That's determined in your Relationship settings when you create it, you can set aliases for parent and child.
However, I admit its not the smartest move, as you have no control over what happens if MORE than one post is there.
Let's debug your custom code then.
https://toolset.com/forums/topic/how-to-test-for-related-posts-to-post-of-current-view/#post-1521975
Please add a few lines of this to your code error_log(print_r($checked_data, true));
Insert this anywhere in the code you think there could be an issue and important data is getting asked by the program.
So, I'd start with global $post;
Just below that line - you insert error_log(print_r($post;, true));
We are telling the program to log to the error log of your system the variable $post.
You need to activate wp debug and error logging for this https://codex.wordpress.org/WP_DEBUG
Then load the page where that ShortCode is used on, or view, or CT. Important is that in some way or another this shortcode is executed on the place you later want it to work.
Then check your debug log file in the sytem and see what is output for $post
It should be a lot of data, including ID, postname etc
Or, it could be just empty.

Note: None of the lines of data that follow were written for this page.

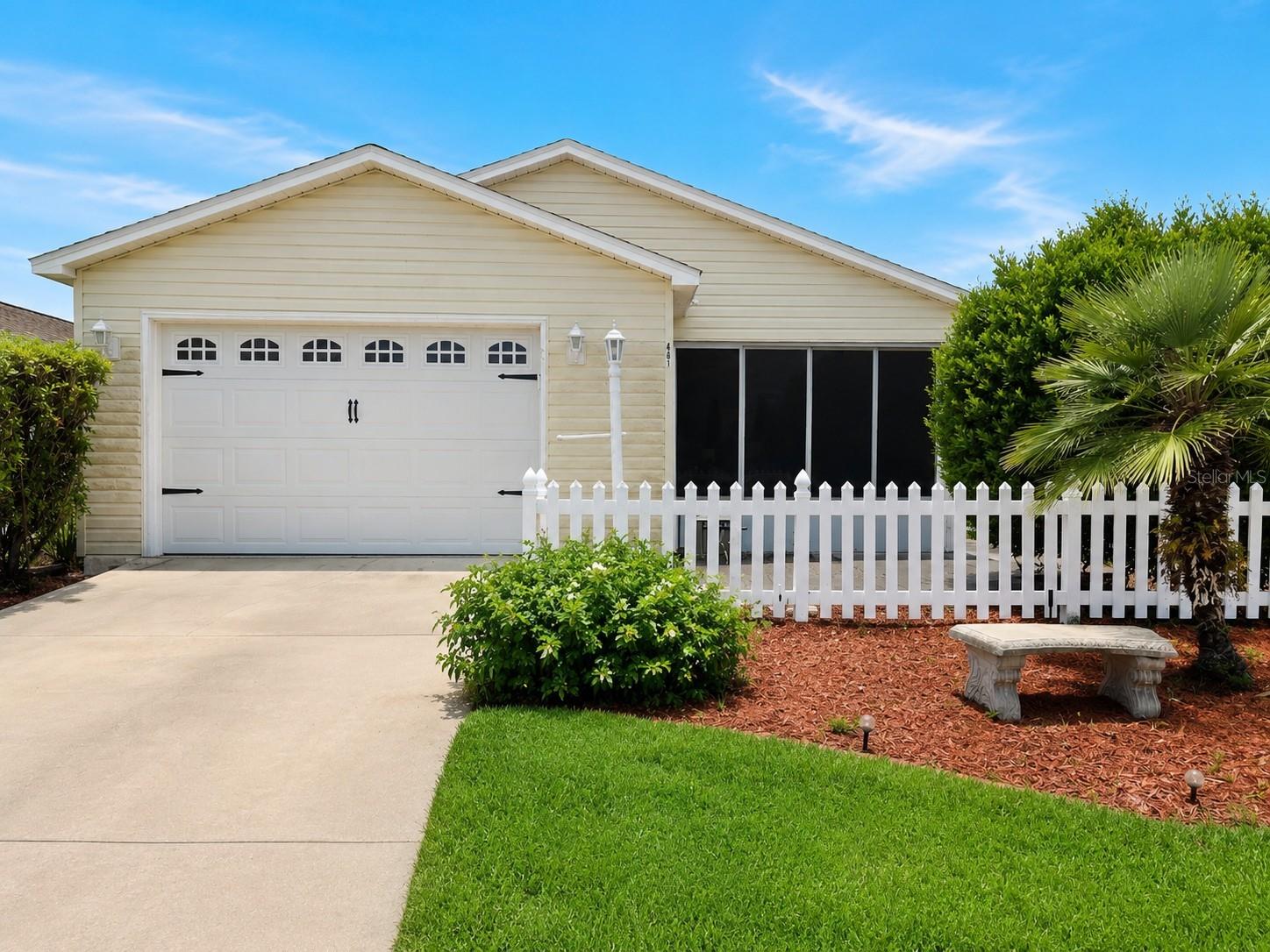 Villa in THE VILLAGES, FL - Daniel Dourado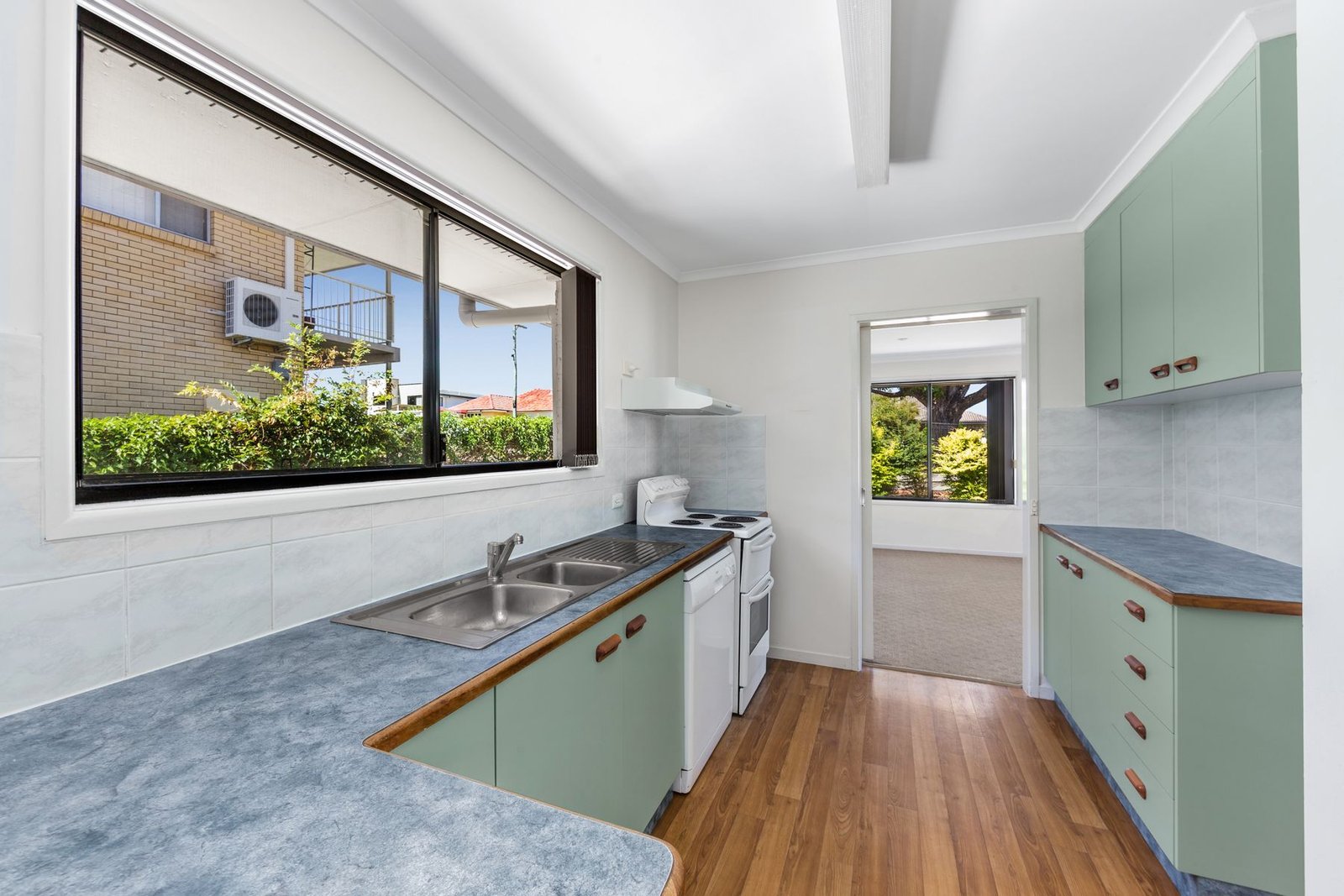 19 Hubbard Street, Wavell Heights, QLD 4012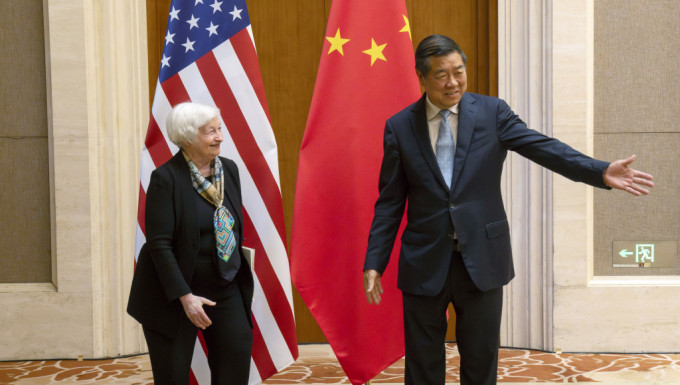 耶伦在北京与国务院副总理何立峰会面。　美联社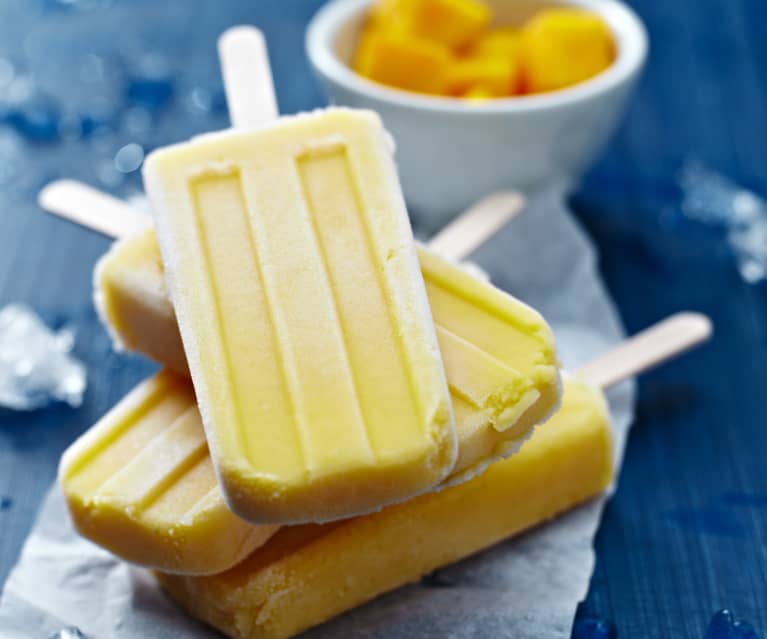 Glace au jogourt et à la mangue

Then, it means you have no data in the $post global.
Similarly, you can proceed on each line of the code if the previous line is OK.
So let's assume you receive indeed the post object in the global $post as expected, you could check $relationship = toolset_get_relationship( $atts['relationship'] ); by adding just below that line the debug statement:
error_log(print_r($relationship, true));
Again, if everything is as expected move to the next line, etc.
You will find at some point either unexpected or empty data.
My tip is on the global $post
You might have more success by populating a posts object with $post = get_post();, if global post is an issue.
Please let me know if you can proceed with this, I am happy to give more advice on how to debug this together!